Warum es so unvermittelt und schnell ging? Mit Onur Air und Atlasjet sind zwei Fluggesellschaften der Pandemie zum Opfer gefallen. Beide waren fleißig zwischen Russland/AYT und Westeuropa/AYT unterwegs. Nach der Pandemie erholte sich der Antalya Markt unerwartet schnell. Zudem mussten mit dem Krieg in der Ukraine plötzlich die Kapazitäten zwischen Russland und der Türkei massiv erweitert werden. XQ und XC benötigten die Kapazitäten, die z.B. für die Ethno Flüge vom FMO vorgesehen waren, nun anderweitig. Da das Ethnogeschäft aus o.a. Gründen eh kein Zukunftsgeschäft mehr ist, war dies mehr oder weniger unproblematisch.
Anders verhält es sich bei den Prishtina Flügen. Die Kosovaren sind nicht als Gastarbeiter, sondern als Flüchtlinge nach dem Kosovo Krieg nach Deutschland gekommen.
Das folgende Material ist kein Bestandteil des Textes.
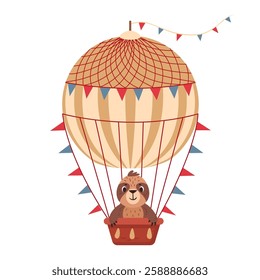 Sloth fly on hot air balloon. Cartoon retro flying hot air balloon with cute animal on board flat vector illustration. Cute sloth character flying on air transport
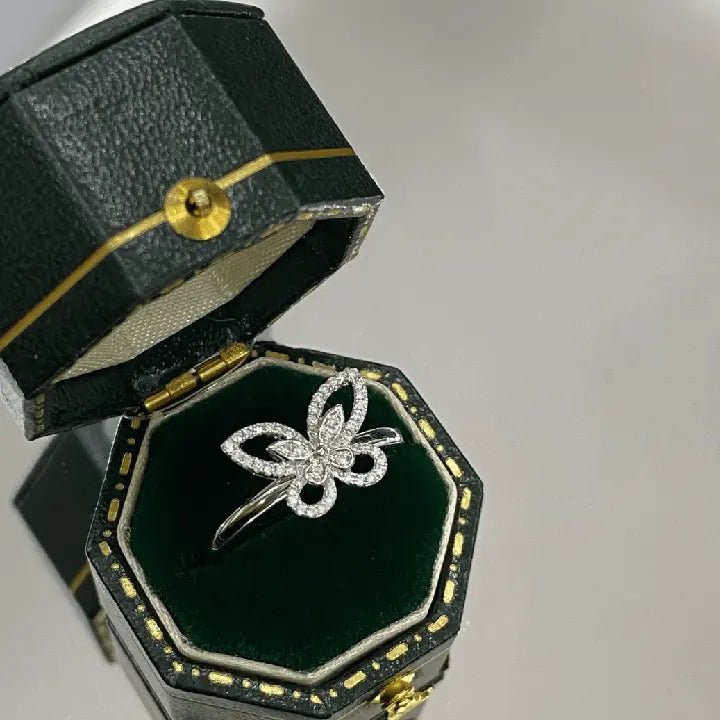 White Gold Lab Created Diamond Butterfly Engagement Ring - Future Jewelry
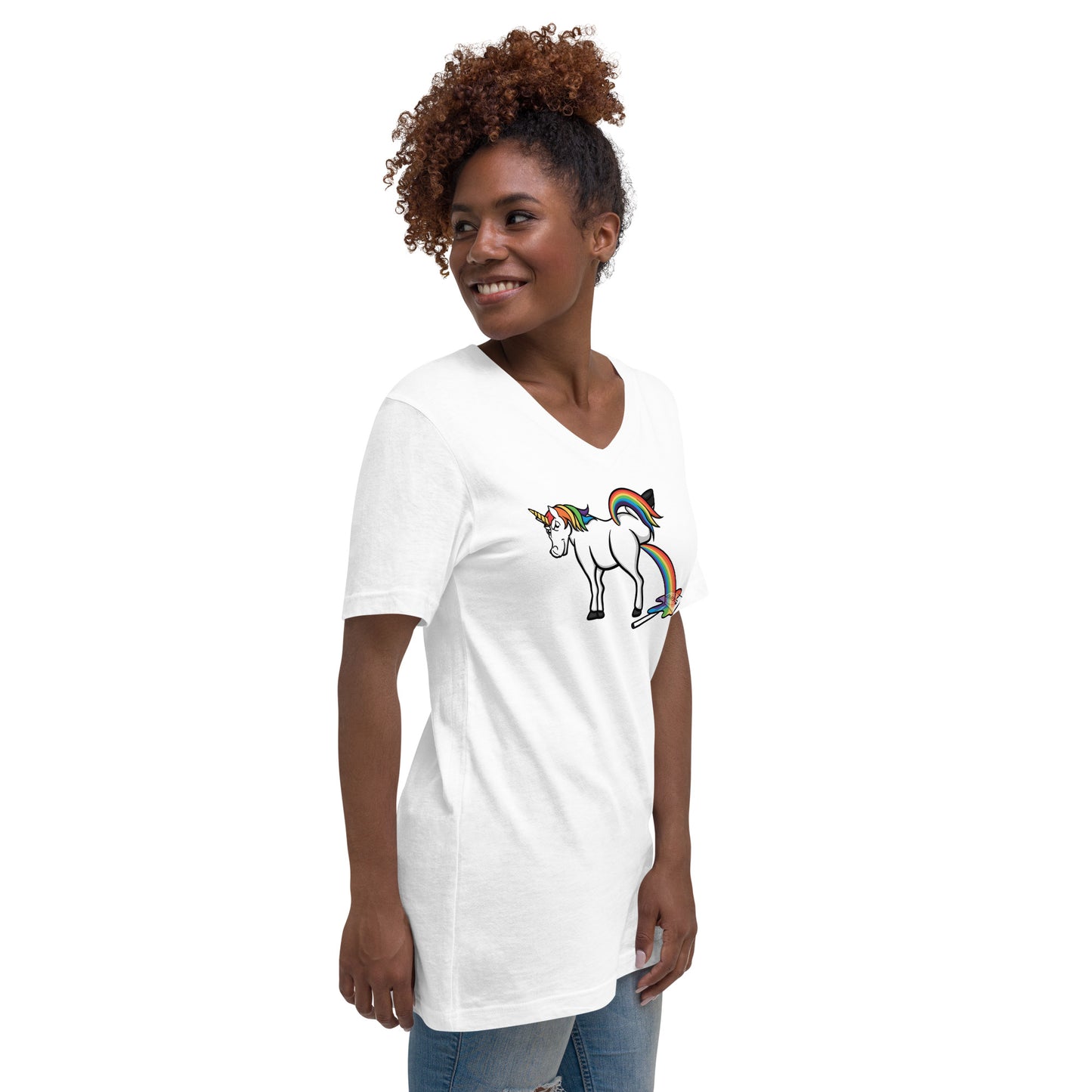 Morgan The F. Unicorn Unisex V-Neck T-Shirt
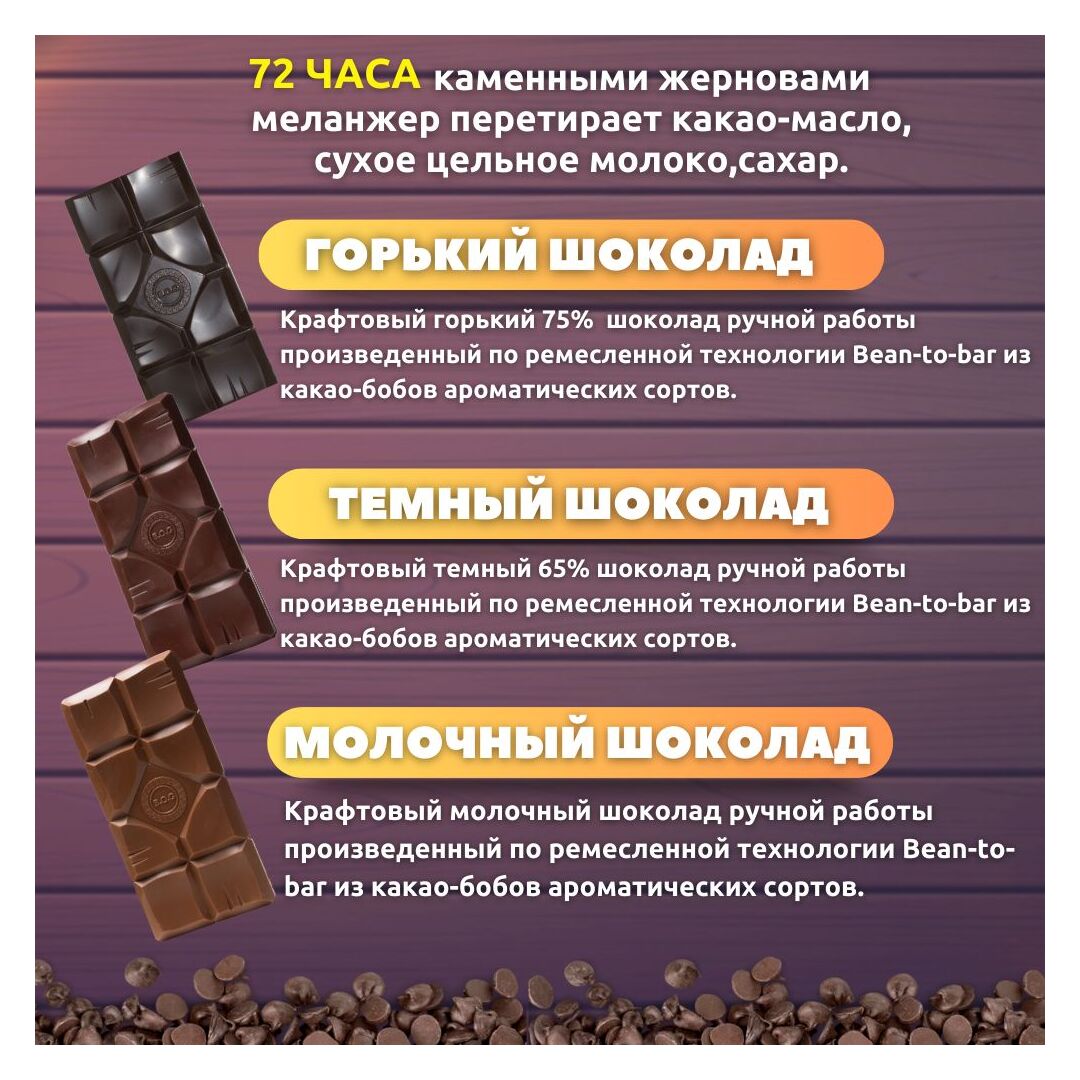 Набор шоколада, 3 плитки по 100 гр: молочный, горький, тёмный - вкусный подарок на день рождения B.O.G, изображение 2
Der Großteil hat lange gebraucht um reisefähige Dokumente zu erhalten und der Kosovo war auch lange aus Sicherheitsgründen nicht sonderlich bereisbar. Mittlerweile (vor Allem in den letzten zwei Jahren) haben immer mehr Kosovaren einen "normalen" Aufenthaltstitel oder sogar die deutsche Staatsbürgerschaft. Die politische Lage im Land ist zwar noch angespannt, aber es ist deutlich sicherer sich dort aufzuhalten. Dies führt gerade zu einem Reiseboom in die alte "Heimat". Die Kaufkraft der hiesigen Kosovaren steigt natürlich mit jeder Generation, sodass man in der Heimat auch gerne zeigt, was man hat. Ich denke, dass dieser Boom in den nächsten Jahren noch anhalten wird, zumal auch immer mehr dort Ferienwohnungen kaufen. Ab dem 01.01.2024 können Kosovaren visafrei nach Deutschland reisen, was sich sicherlich auch nochmal in den Paxzahlen wiederspiegeln wird. Bisher war es nicht einfach, ein Visum für Deutschland zu erhalten.
Demnach sehe ich die Prishtina Verbindung als zukunftsfähig an und bin froh, dass diese Route am FMO weiter wächst.
Potential für eine SAW Verbindung ist definitiv auch da, insbesondere wenn das Umsteigen in SAW mit der zweiten Piste verlässlicher wird.
Spätestens wenn die vielen Syrer in Deutschland eingebürgert sind (soll demnächst ja noch schneller möglich sein) und kein Visum mehr für die Türkei benötigen, wird sich dies auf Routen wie FMO-SAW-HTY/GZT/ADA usw. auswirken. Fast jeder Syrer in Deutschland hat syrische Familienmitglieder, die in der Türkei untergekommen sind. Nach jahrelanger Trennung wird auch hier ein Reiseboom ausbrechen.
Man kann und darf diese Entwicklungen sicherlich kritisch sehen, für die deutschen Flughäfen heißt dies aber mehr Verkehr. Auch der FMO wird davon sicherlich profitieren, sofern wir eine IST/SAW Anbindung bekommen.